The answer is a number and only a number: how many lines of the data include the string "Image"?

◆ **THE INPUT**
·····

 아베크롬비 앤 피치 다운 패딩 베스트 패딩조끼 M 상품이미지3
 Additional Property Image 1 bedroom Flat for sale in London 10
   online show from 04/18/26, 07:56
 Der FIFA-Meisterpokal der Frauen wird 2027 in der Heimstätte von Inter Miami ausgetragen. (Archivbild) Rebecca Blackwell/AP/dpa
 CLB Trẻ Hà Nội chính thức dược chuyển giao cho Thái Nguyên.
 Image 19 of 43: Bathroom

·····

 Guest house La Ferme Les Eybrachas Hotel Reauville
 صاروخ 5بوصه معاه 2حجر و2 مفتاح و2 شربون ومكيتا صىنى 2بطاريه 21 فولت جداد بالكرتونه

·····

◆ **RESPONSE**
2